Napoleon, on the other hand, is successful in a daring invasion of Italy.
In the Montenotte Campaign, he separates the armies of Sardinia and Austria, defeating each one in turn, then forces a peace on Sardinia.
Following this, his army captures Milan and starts the Siege of Mantua.
Bonaparte defeats successive Austrian armies sends against him under Johann Peter Beaulieu, Dagobert Sigmund von Wurmser and József Alvinczi while continuing the siege.
The rebellion in the Vendée is also crushed in 1796 by Louis Lazare Hoche.
Hoche's subsequent attempt to land a large invasion force in Munster to aid the United Irishmen is unsuccessful.
A young General Napoleon Bonaparte had arrived in Nice on March 27, 1796, to take over the Army of Italy, his first army command.
His army included sixty-three thousand troops, but of these, only thirty-seven thousand six hundred men and sixty artillery pieces are capable of being put into the field.
The soldiers are badly fed, months behind in pay, and poorly equipped.
Consequently, morale in many units is low and in a few cases this had led to mutiny.
Bonaparte's Austrian opponent, Feldzeugmeister Johann Peter Beaulieu, is also new to the Italian theater of operations.
Beaulieu directly controls nineteen thousand five hundred Austrians of whom half are still in winter quarters.
Beaulieu's subordinate Eugène Argenteau commands an additional eleven thousand five hundred Austrians who are deployed farther to the west around Acqui Terme.

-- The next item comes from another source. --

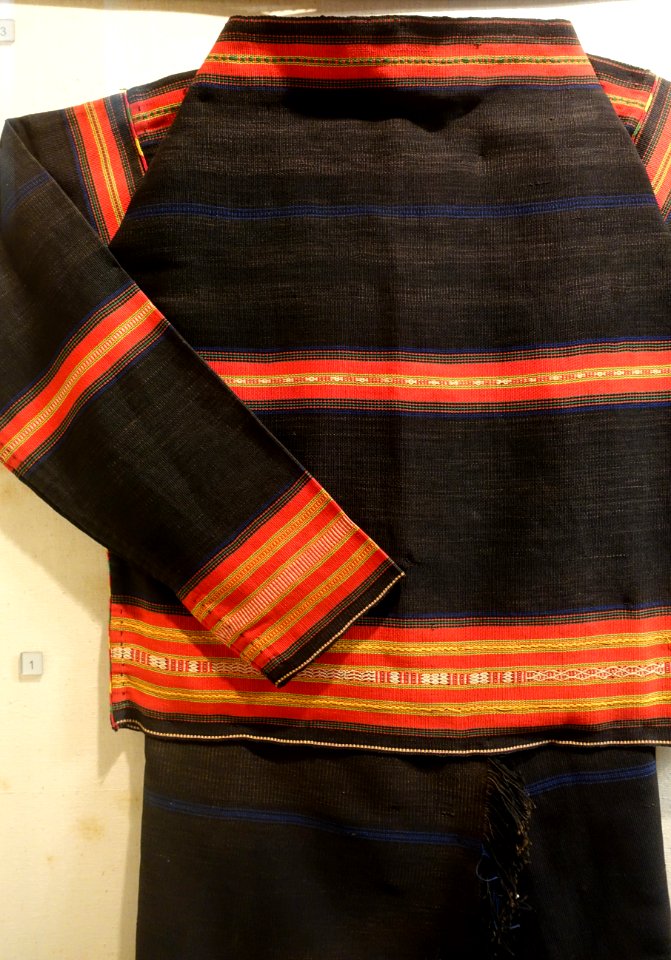 Woman's costume, E De, Dac Lac province - Vietnam National Museum of Fine Arts - Hanoi, Vietnam - DSC05131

A Kingdom of Sardinia-Piedmont army of about twenty thousand men is west of Argenteau's corps.
Bonaparte gains his first victory as an army commander on April 12 in the Battle of Montenotte.
Two days later, King Victor Amadeus III of Sardinia signs the Armistice of Cherasco, in the headquarters of Napoleon.

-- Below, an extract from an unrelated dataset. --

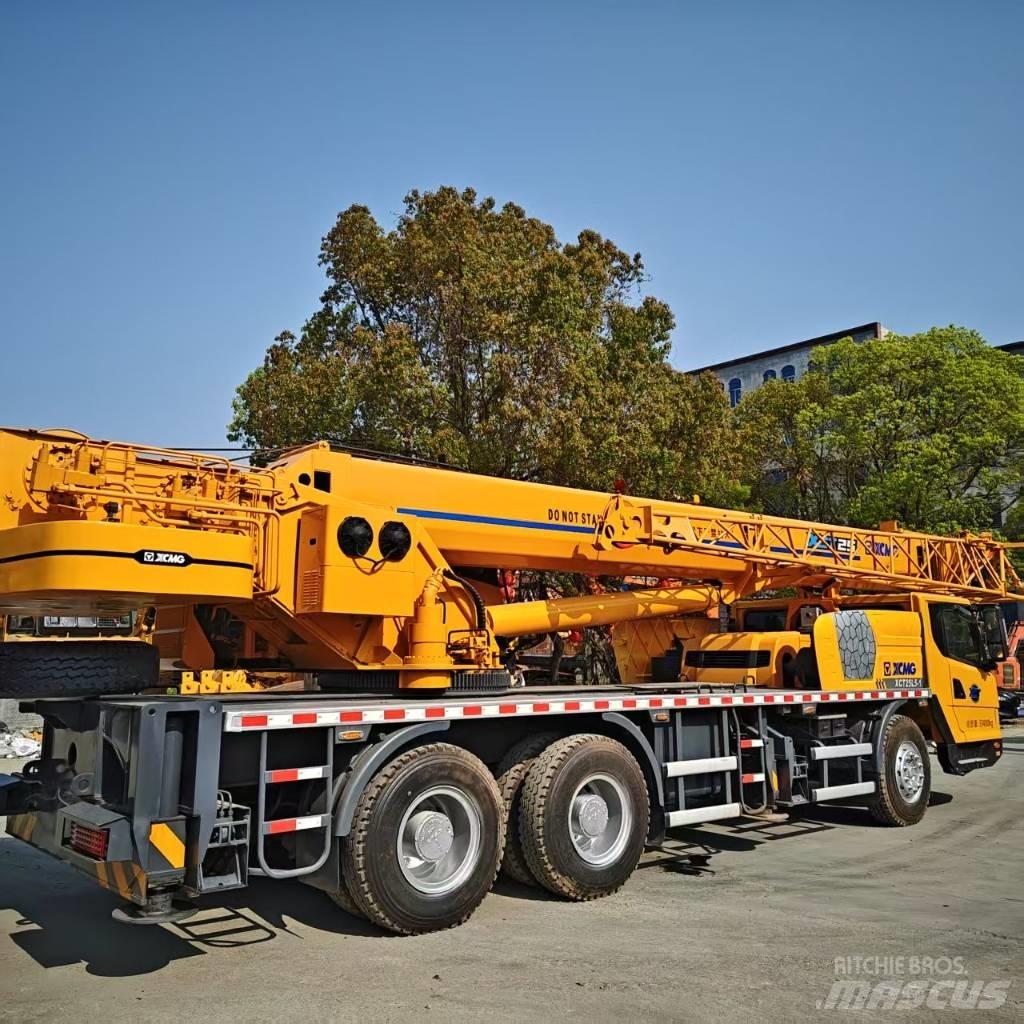 XCMG XCT 25 Всъдеходни кранове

The fortresses of Coni, Tortoni and Alessandria, with all their guns, are given up.
In forcing a crossing of the bridge over the Adda River, Bonaparte defeats the Austrian rearguard at the Battle of Lodi on May 20.
The Austrians lose some two thousand men, fourteen guns, and thirty ammunition wagons.
Napoleon's troops take Milan on May 15.
The French-Republican army divisions of the Army of Italy invade the territories of the Serenissima Repubblica di San Marco on June 1, 1796.
Bonaparte seizes the Papal States on June 23.
Pope Pius VI signs the Armistice of Bologna, and is forced to pay a contribution (thirty-four million francs).
The Habsburg army under Marshal Wurmser advances from the Alps, and captures Rivoli and ...
...Verona on July 29.
The French abandon the east bank of the Mincio River, and the outnumbered division (fifteen thousand men) of Masséna retreats towards Lake Garda.